Brazil, US seal 'world-changing' ethanol deal
Brazil and the US, which together produce 70 per cent of the world's ethanol, sealed a major commitment to promote and produce the biofuel which they said could change the world.
US President George W Bush and his Brazilian counterpart Luiz Inacio Lula da Silva donned white hardhats and coats to visit an ethanol plant outside the Latin American country's commercial and financial capital to celebrate the agreement signed on Friday - described as an "OPEC" for biofuel.
The strategic association would provide for cooperation in bio-fuels in the private sector and aim to exploit third markets, starting with those in Central America. The long-term goal is to turn ethanol into a global commodity.

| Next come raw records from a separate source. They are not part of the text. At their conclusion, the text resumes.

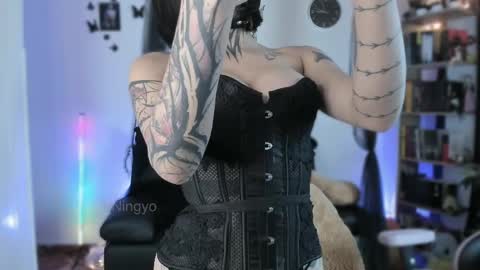 Snapshot of dark_ningyo chatting on June 7, 1:54 am Dafne online show from June 7, 1:54 am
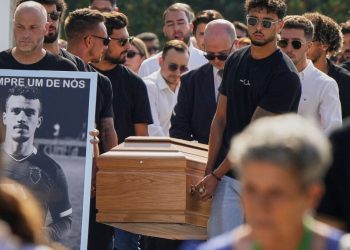 Ράγισαν καρδιές στην κηδεία του Ντιόγκο Ζότα και του αδελφού του – Η Λίβερπουλ στηρίζει την οικογένεια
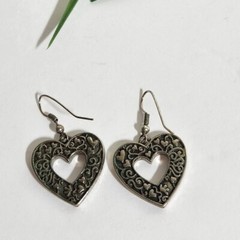 Vintage Silver Cubic Zirconia and Onyx Heart Drop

For both leaders, the prospect of expanded ethanol use is politically important - for Lula because of the leverage it would give him over the growing hegemony of oil-rich Venezuela, and for Bush as an image correction of his anti-Kyoto policies and also a wedge against the anti-US leftist leader of Venezuela, Hugo Chavez.
Chavez was not sitting idly during Bush's five-country visit to Latin America, but rather was in Buenos Aires on Friday sealing an agreement with Argentine President Nestor Kirchner for natural gas cooperation.
The US, which produces mainly corn-based ethanol, just recently pulled ahead of Brazil, which uses sugarcane, as the world's largest producer of ethanol.
But Brazil led the way in developing production methods and ethanol-burning car motors, having spent 30 years building a system to stave off a repeat of the fuel disaster of the 1970s. That's when soaring fuel prices eroded Brazil's fledgling economic gains and inspired the successful effort for energy independence.
Earlier this week, Japan companies signalled a $8 billion deal with Brazil's state energy company Petrobras to boost ethanol production and deliver much of it to Japan.
The deal establishes bilateral cooperation for the production of ethanol from cellulose, defines international guidelines to turn the product into commodity and plans for a technology transfer to Latin American and Caribbean countries that may be interested in producing ethanol.
The ethanol deal - which has raised eyebrows among environmentalists worried about the prospect of increasing wilderness areas plowed under for sugarcane and corn, and among economists who worry about upward price pressure on the human staple crop of corn - also gave Lula an opening to taunt Bush about the struggling Doha round of world trade talks.
Lula suggested that Bush should guarantee that the US lower its excise tax on imported ethanol, but Bush said that issue was in control of the US Congress.
Lula has been a thorn in the side of the US and European Union on free trade issues, taking a lead role in the so-called G-20 of developing nations that have blocked a World Trade Organisation deal.
Lula has also blocked Bush's efforts to seal a free trade region of the Americas. But he was optimistic that the joint ethanol agreement would spread energy sufficiency and development to "South Africa, China, India and European countries."
When "richer countries buy biodiesel" produced in poorer countries, "then we'll see that investments put into those countries have generated jobs," Lula said.